Start of DATA TO PROCESS

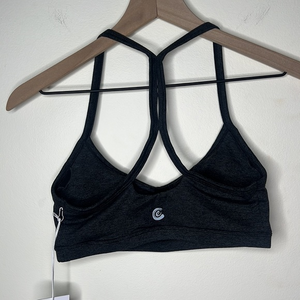 NWT Johnny Was Calme‎ Ease Cross Back Sports Bra Size XS
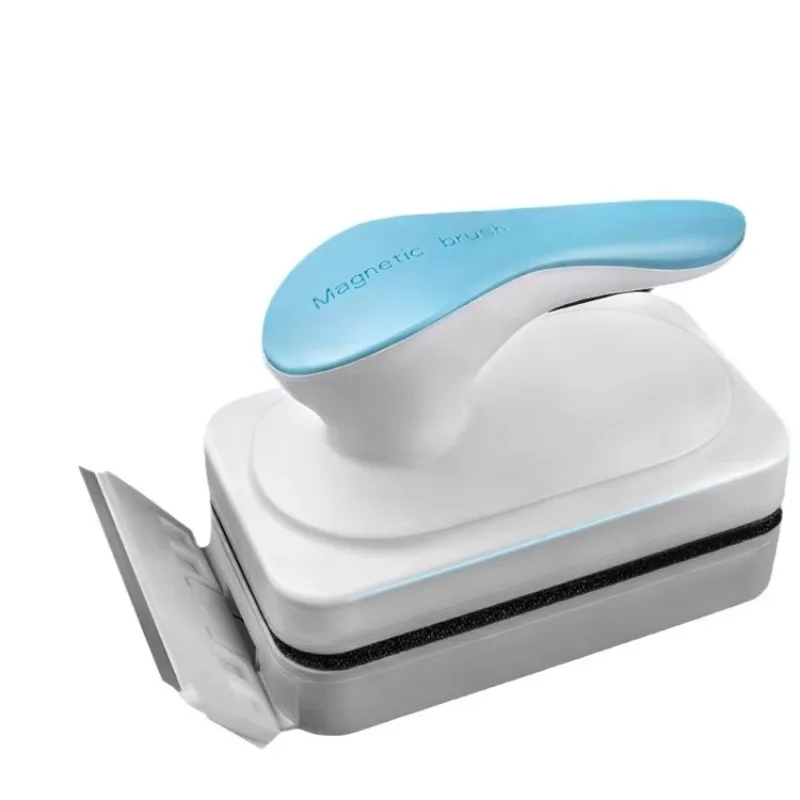 Fish tank magnetic brush can be suspended strong magnetic clean algae fish tank wipe
Fish tank magnetic brush can be suspended strong magnetic clean algae fish tank wipe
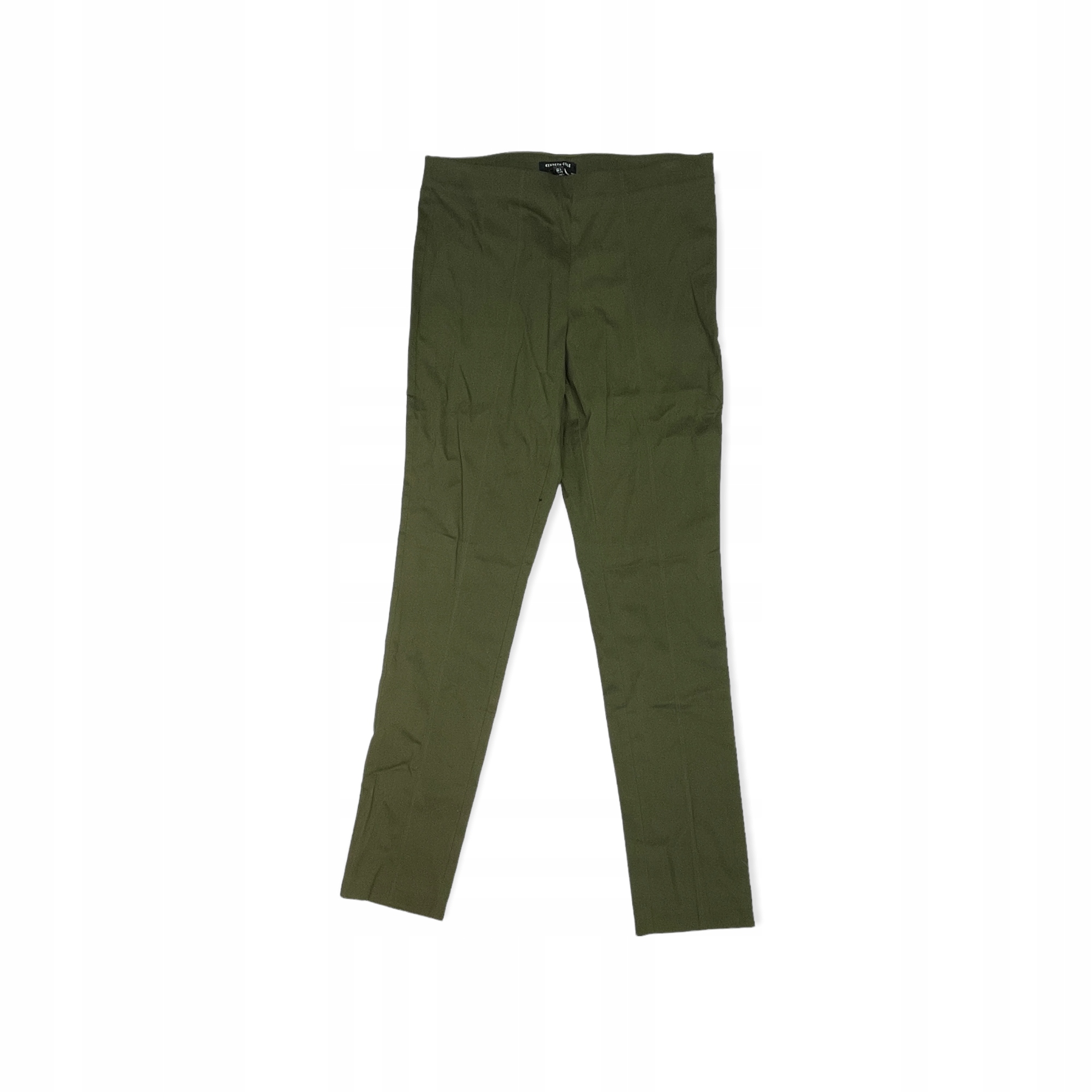 Dámské khaki ležérní kalhoty Kenneth Cole 34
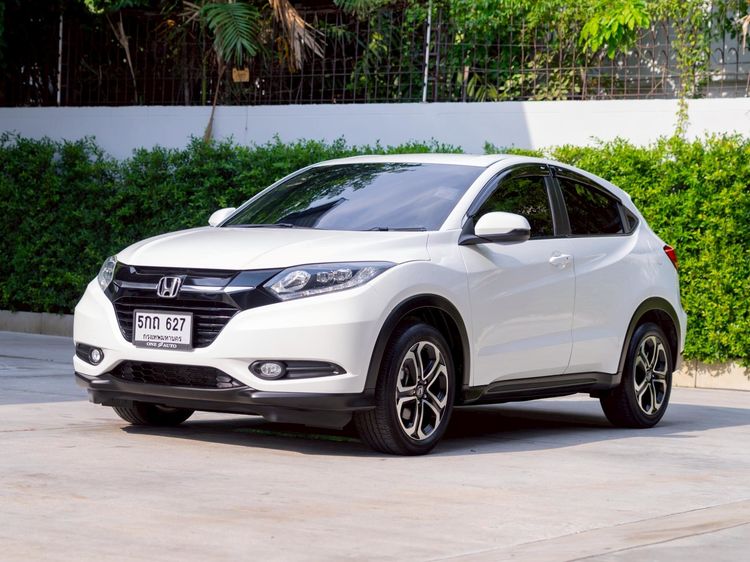 Honda HR-V 2016 1.8 E Utility-car เบนซิน ไม่ติดแก๊ส เกียร์อัตโนมัติ ขาว รูปที่ 3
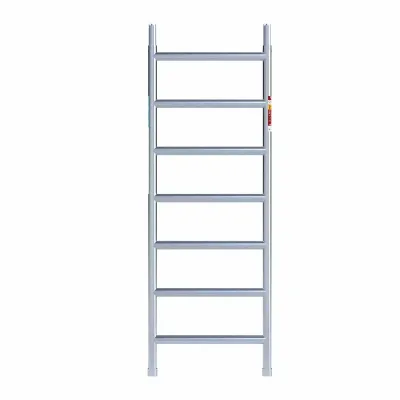Aluminum scaffold frame - 7 rungs - 75 cm - Euroscaffold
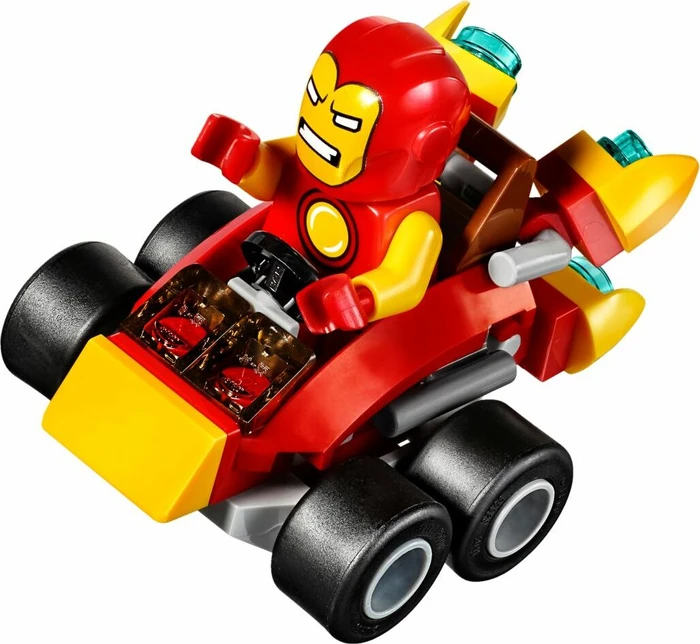 LEGO Marvel Super Heroes Spielset - Mighty Micros Iron Man vs. Thanos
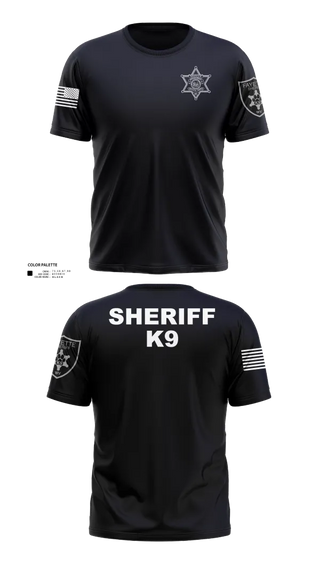 Short Sleeve Performance Shirt, Fayette County Sheriff WV, Police, Teamtime, Team time, sublimation, custom sports apparel, team uniforms, spirit wear, spiritwear, sports uniforms, custom shirts, team store, custom team store, fundraiser sports, apparel fundraiser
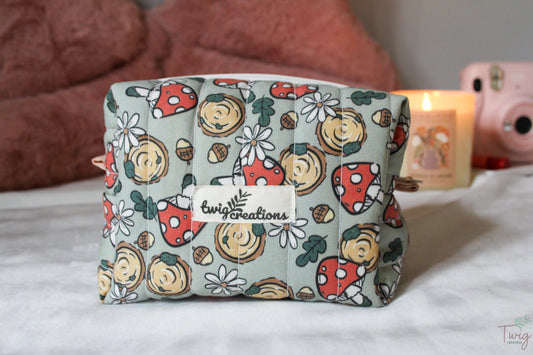 Forest Finds Makeup Bag
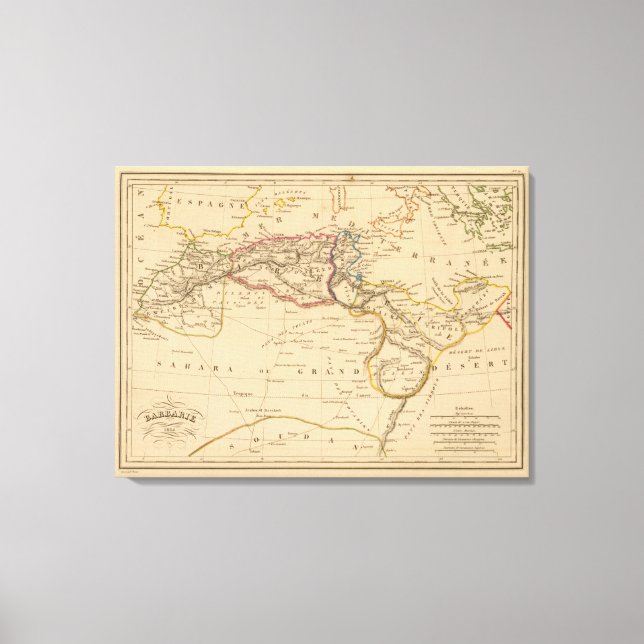 barbari canvastryck (Framsida)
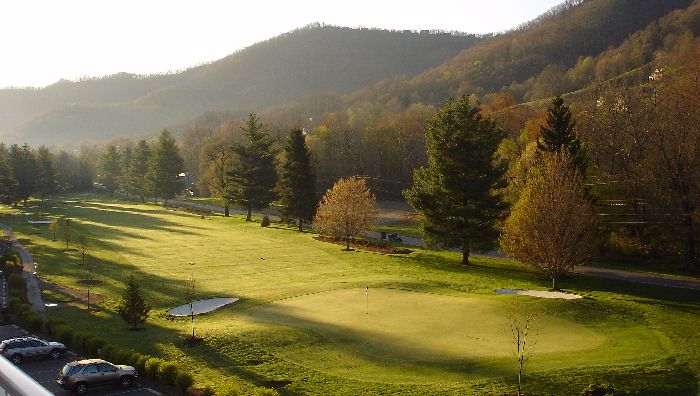 Maggie Valley Golf Hole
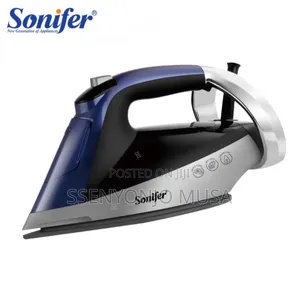 Sonifer 2600w Electric Steam Iron – Ceramic Soleplate, Anti-Drip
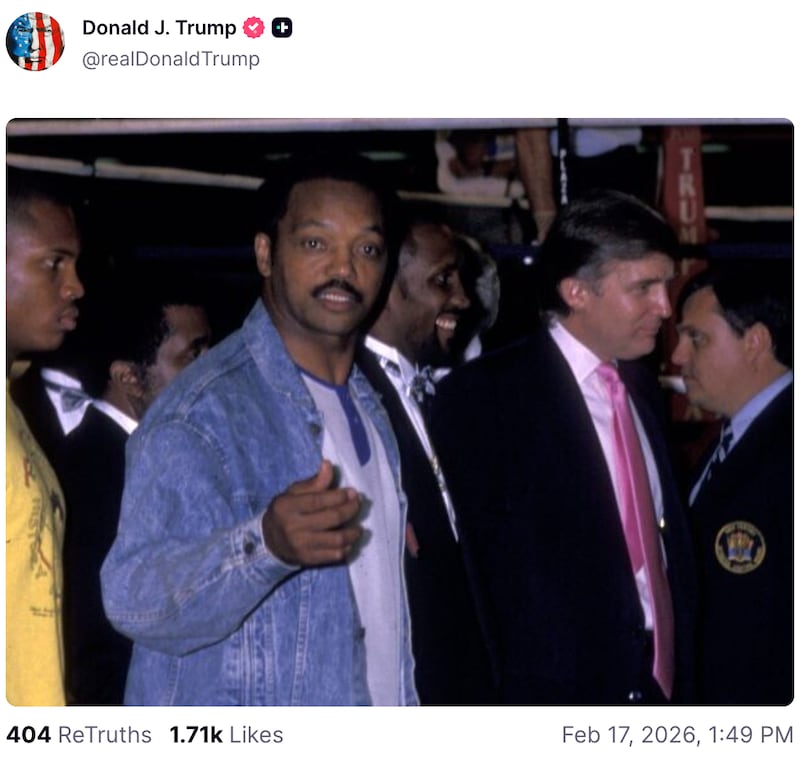 Donald Trump on Truth Social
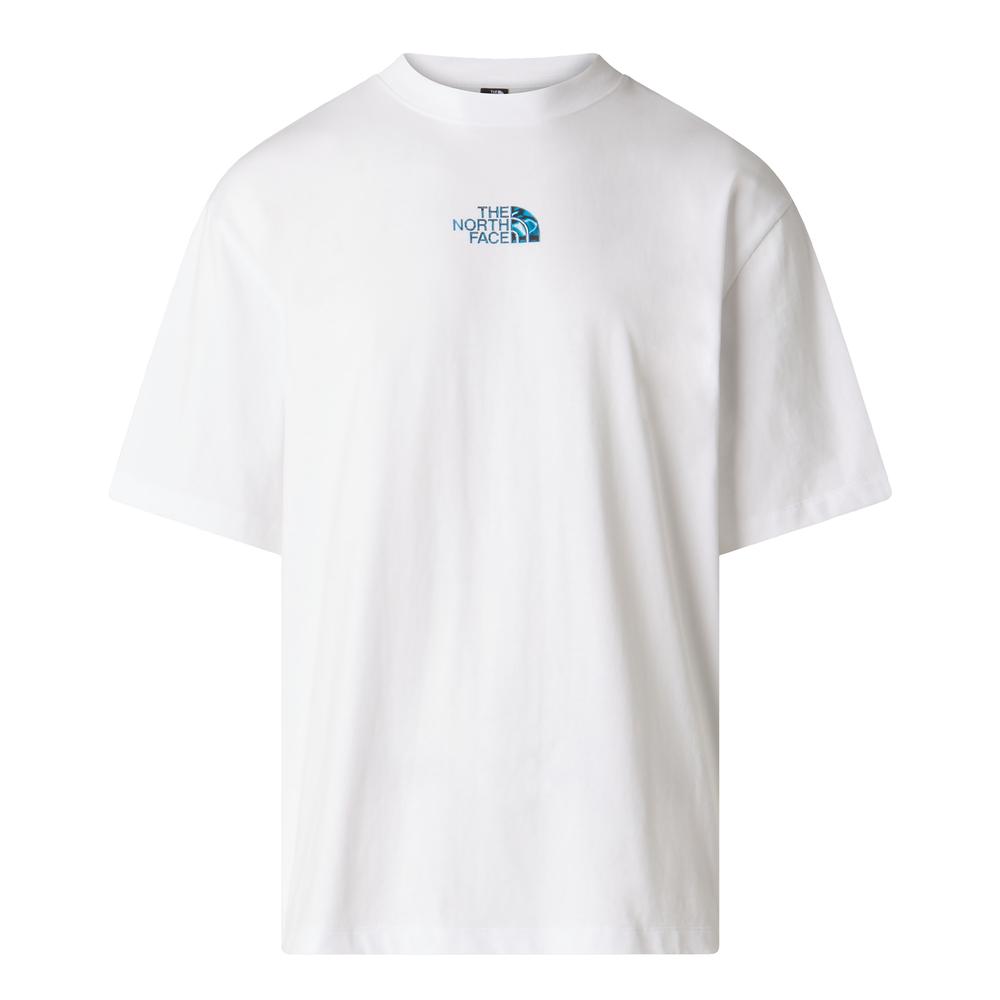 Póló férfi The North Face Liquid 0A8G9UFN41 - fehér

End of DATA TO PROCESS

=== BRIEF ===
An answer containing only the lines from the one holding "Sonifer 2600w Electric" through the close of the entries above, reproduced exactly and stripped of pictures, is expected.

=== OUTPUT ===
 Sonifer 2600w Electric Steam Iron – Ceramic Soleplate, Anti-Drip
 Donald Trump on Truth Social
 Póló férfi The North Face Liquid 0A8G9UFN41 - fehér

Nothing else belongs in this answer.